Nasser's apparent victory over the former colonial powers made him enormously popular in Egypt and throughout the Middle East, and made him a major force in regional politics and a leader of the pan-Arab movement. It was a reputation that took a heavy blow in 1967, however, with a second resounding Egyptian military defeat at the hands of Israel during the Six-Day War. In the wake of the loss of the entire Sinai Peninsula, Nasser tendered his resignation but stayed on after massive demonstrations of support. He died in 1970 of a heart attack.

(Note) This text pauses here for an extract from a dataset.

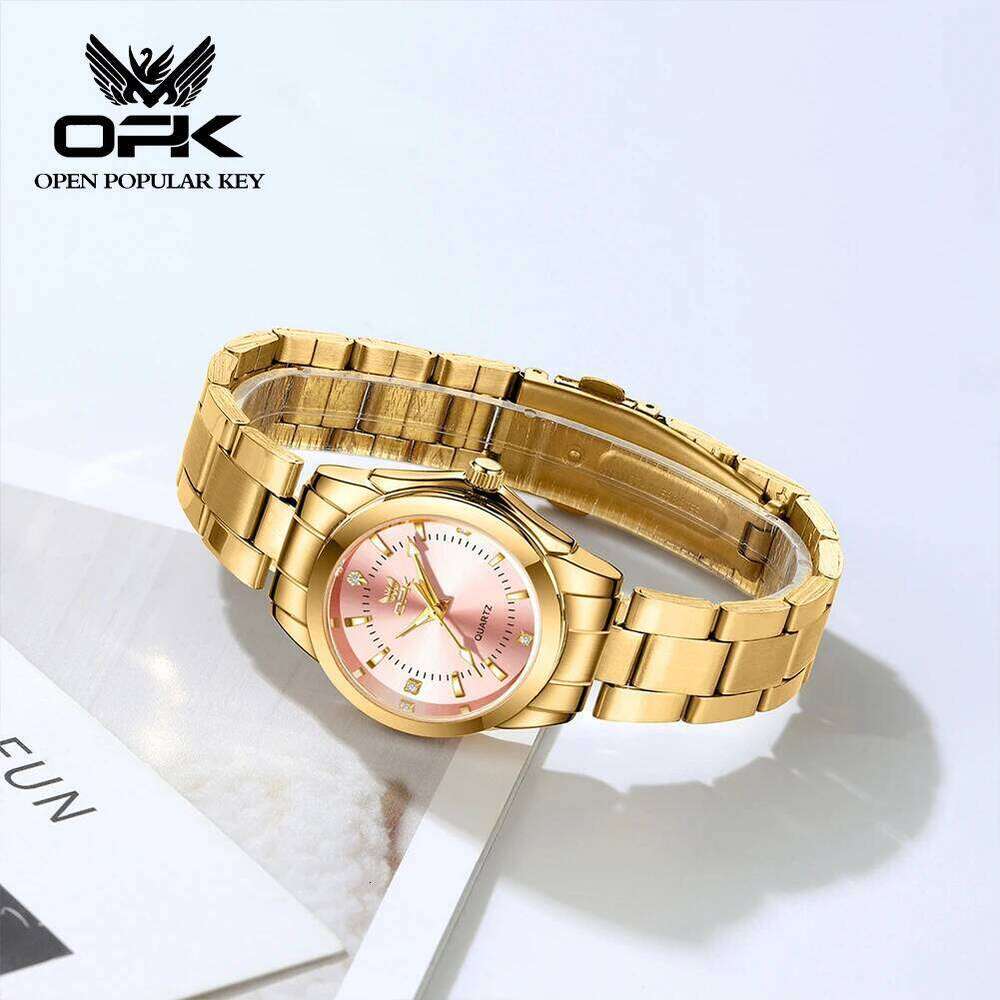 OPK brand luminous waterproof three-pin real nail scale steel belt ladies quartz 6002 H260228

Nasser was succeeded by his vice president, Anwar Sadat. Sadat, though expected initially to be a transitional figure, maintained his control and consolidated his position against his rivals and became a power in his own right. He reversed a number of Nasser's positions, reopening Egypt to the West and ultimately even making peace with Israel. The high point of his presidency, in the eyes of many Egyptians, came in October 1973, when Egyptian forces launched an imaginative and boldly executed attack on the well-fortified Israeli defensives on the east bank of the Suez Canal. The attack, which coincided with a massed Syrian attack on the Golan Heights, opened what came to be known as the Yom Kippur War, or the October War.

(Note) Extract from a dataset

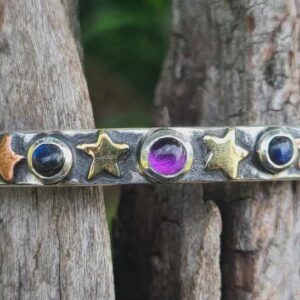 Cosmic Star Amethyst Multi-Metal Bangle - Skinny Medium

It is said that the plan for the war was the brainchild of then-president of Syria, Hafez al Assad (an extraordinarily competent politician who had been given refuge early in his career in Egypt by Nasser) and Sadat. The idea apparently was to press home a surprise attack from two sides, with Syria entering Israel from the Golan and Egyptian Forces crossing the Sinai Peninsula to retake the Negev Desert, from which they had been so ignominiously driven in 1949. What happened next is open to questions -- just not the kind of questions you want to bring up with Syrians and Egyptians in the same room. To Syrian dismay, the Egyptian Army halted its advance once it had crossed the canal, unwilling to move beyond the cover of its surface-to-air missiles. The pause allowed the Israelis to stabilize new defensive lines on the peninsula and concentrate their reserves on the Syrian front, where they were hugely outnumbered. Once the Syrian advances had been reversed (the Israeli army, the IDF, got within artillery range of Damascus), their Sinai forces were able to counterattack, and by October 23 forces under Ariel Sharon had crossed the canal, encircled the Egyptian Army, and effectively had Cairo at their mercy before the UN could make a ceasefire stick.

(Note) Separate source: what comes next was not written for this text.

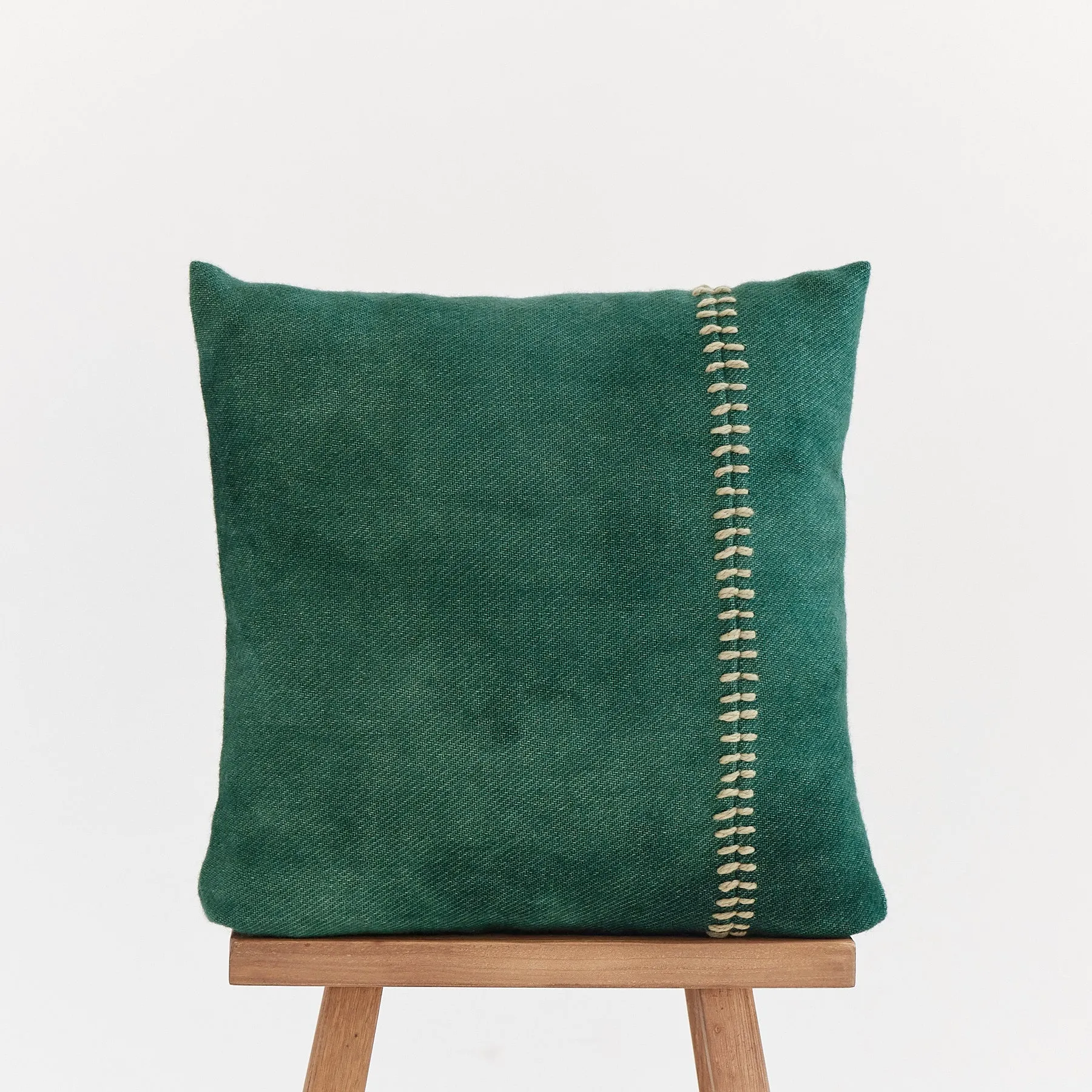 Hand-Dyed Wool Embroidered Pillow Cover - Sofia Collection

The end-state of the 1976 war gave the Americans, as the state with the most leverage on Israel, the power to broker a peace on their terms. The result was the Camp David Accords, under which the Sinai Peninsula was largely demilitarized and the Egyptian government was handed an annual aid package second in size only to Israel's.

Sadat's presidency was abruptly cut short in 1981. He was assassinated by members of an Islamic organization that opposed his peace with Israel while reviewing troops at the annual 6th of October military parade. Lead assassin Khalid Islambouli is said to have cried "Death to the Pharaoh!" as the attack was launched from the back of a truck as Mirage jets swooped overhead. Air Force General and Vice President Hosni Mubarak then became president.

Mubarak's subsequent tenure as president has been marked mainly by holding patterns with regard to regional politics and a drift away from the socialism of the past and toward a more open economy. The state of emergency that was declared in 1981 has never been lifted, effectively freezing the interplay between legislative and judicial bodies into rigid patterns enforced by executive diktat. The result has been a general political stagnation in Egypt for 26 years, with security forces playing a steadily increasing political role as the regime has come to rely on them to stifle dissenting voices that have been denied parliamentary expression. Recent constitutional amendments appear to be aimed at further consolidating the status quo by giving legal cover to the enforcement mechanisms that support it.